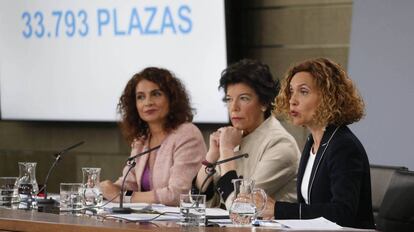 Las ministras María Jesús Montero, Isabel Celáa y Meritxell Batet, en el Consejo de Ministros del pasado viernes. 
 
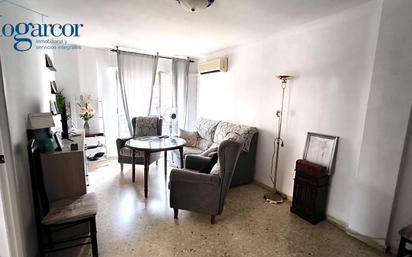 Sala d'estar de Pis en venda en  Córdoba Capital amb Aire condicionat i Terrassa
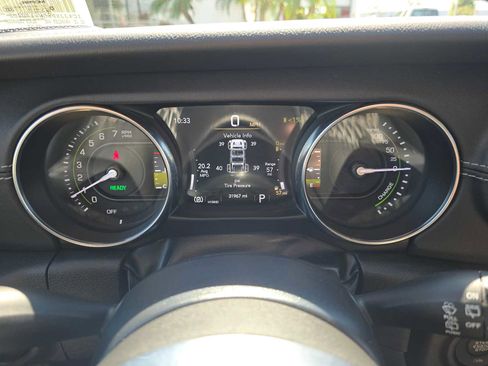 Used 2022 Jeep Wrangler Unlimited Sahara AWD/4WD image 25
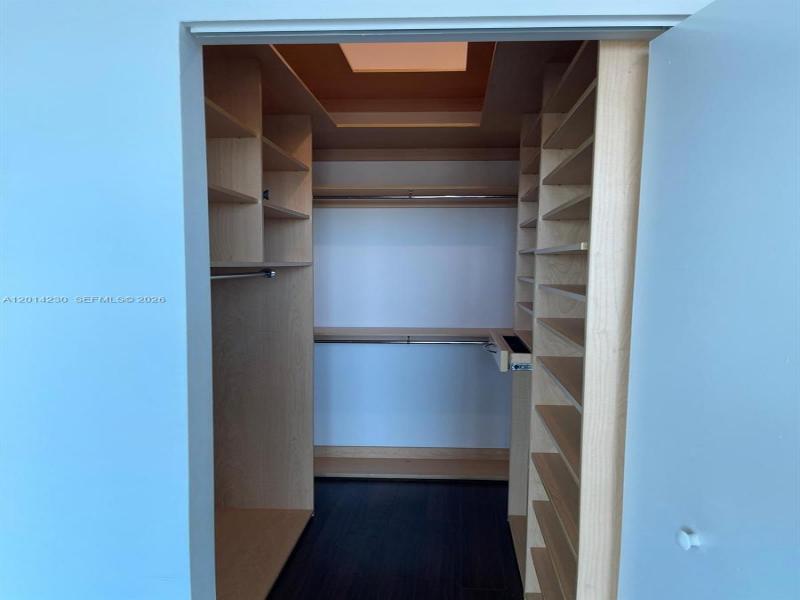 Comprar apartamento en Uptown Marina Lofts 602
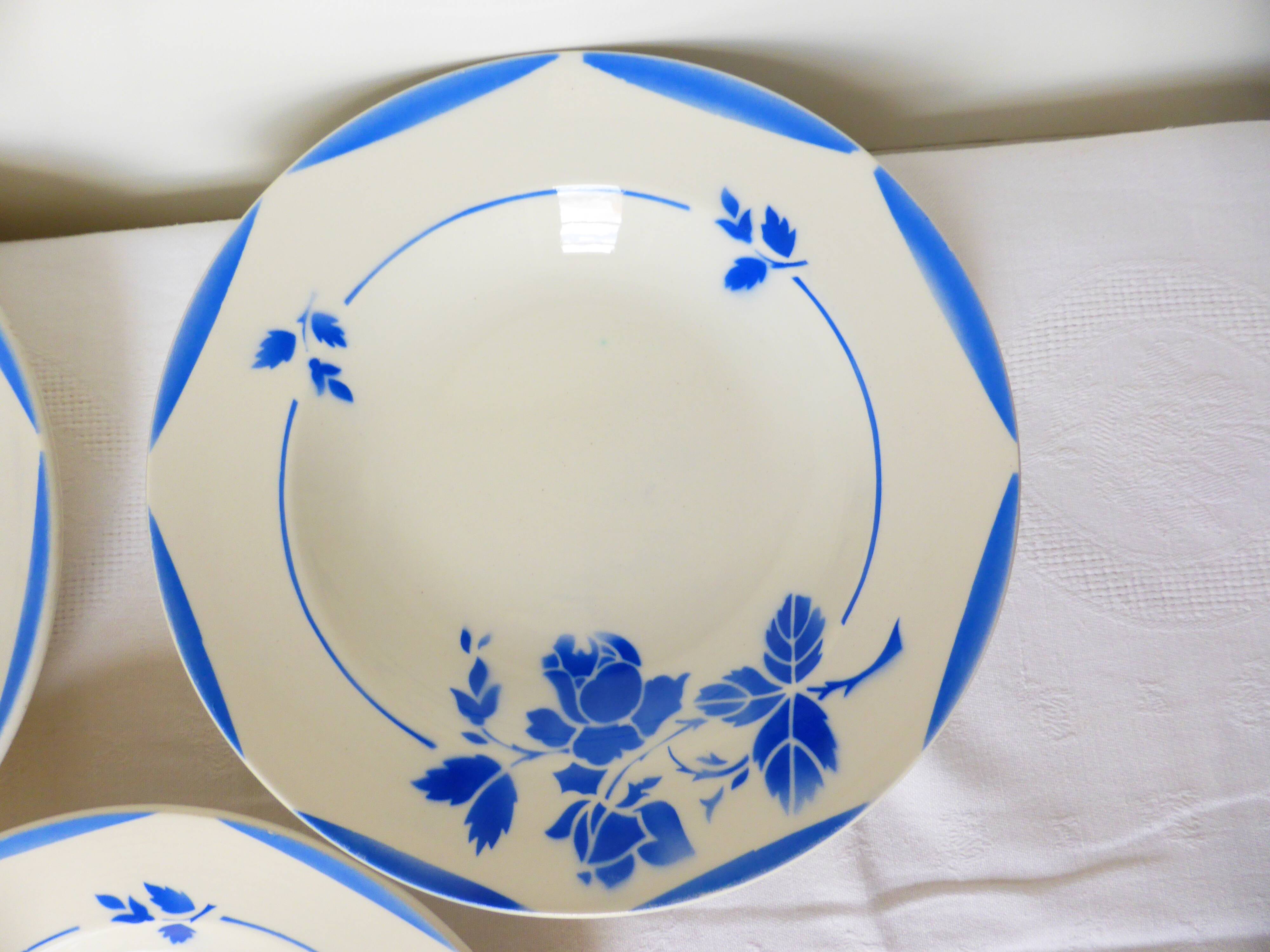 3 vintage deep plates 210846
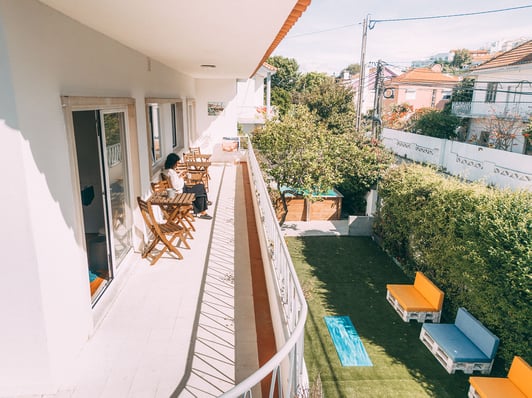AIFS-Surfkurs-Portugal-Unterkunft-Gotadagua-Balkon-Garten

▬▬▬▬▬▬▬▬▬▬

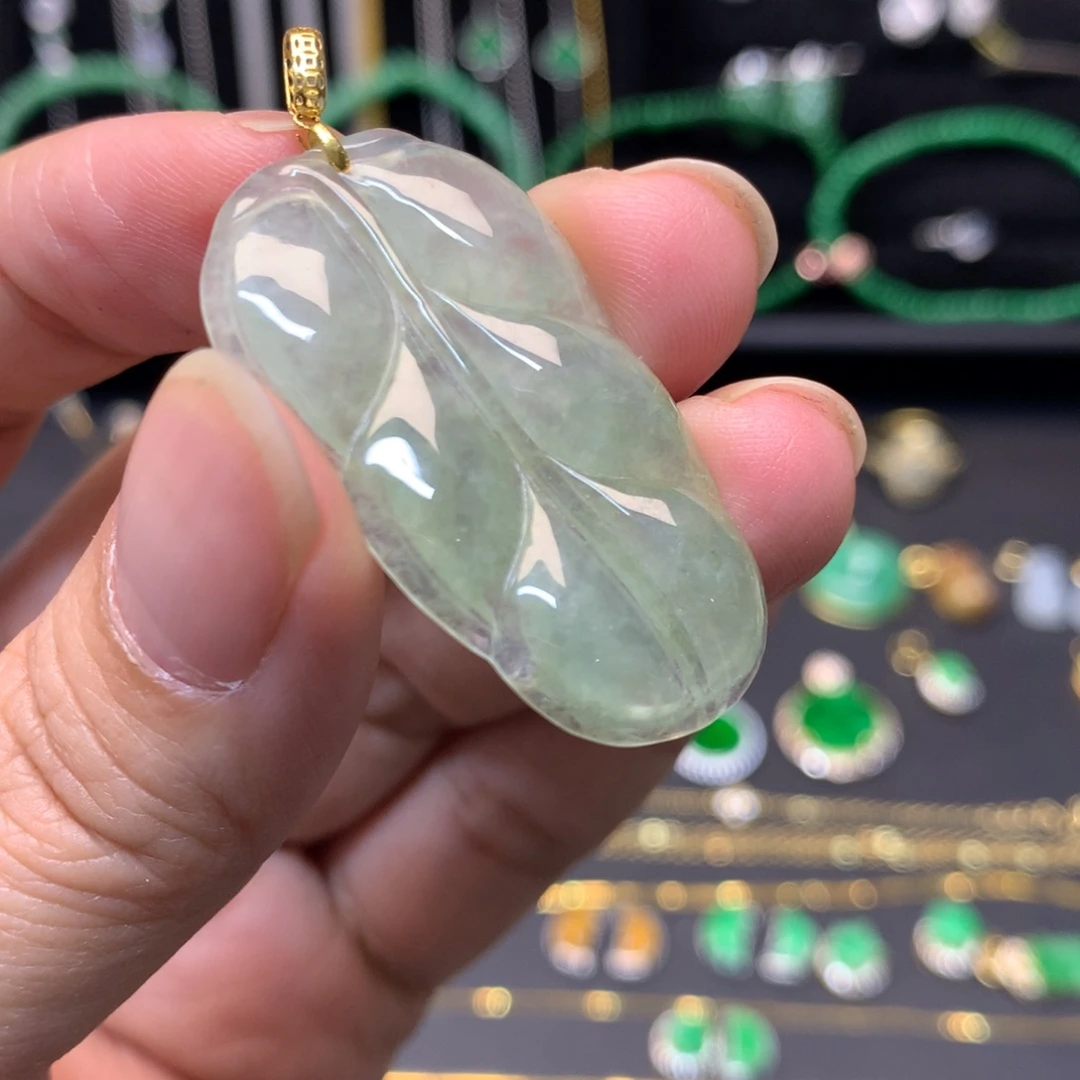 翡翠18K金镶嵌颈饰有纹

▬▬▬▬▬▬▬▬▬▬

Assignment
Of the lines above, quote exactly those from the one with "Las ministras María" through the one with "AIFS-Surfkurs-Portugal-Unterkunft-Gotadagua-Balkon-Garten", ends included; pictures stay out.

Exercise answer
 Las ministras María Jesús Montero, Isabel Celáa y Meritxell Batet, en el Consejo de Ministros del pasado viernes. 
 
 Sala d'estar de Pis en venda en  Córdoba Capital amb Aire condicionat i Terrassa
 Used 2022 Jeep Wrangler Unlimited Sahara AWD/4WD image 25
 Comprar apartamento en Uptown Marina Lofts 602
 3 vintage deep plates 210846
AIFS-Surfkurs-Portugal-Unterkunft-Gotadagua-Balkon-Garten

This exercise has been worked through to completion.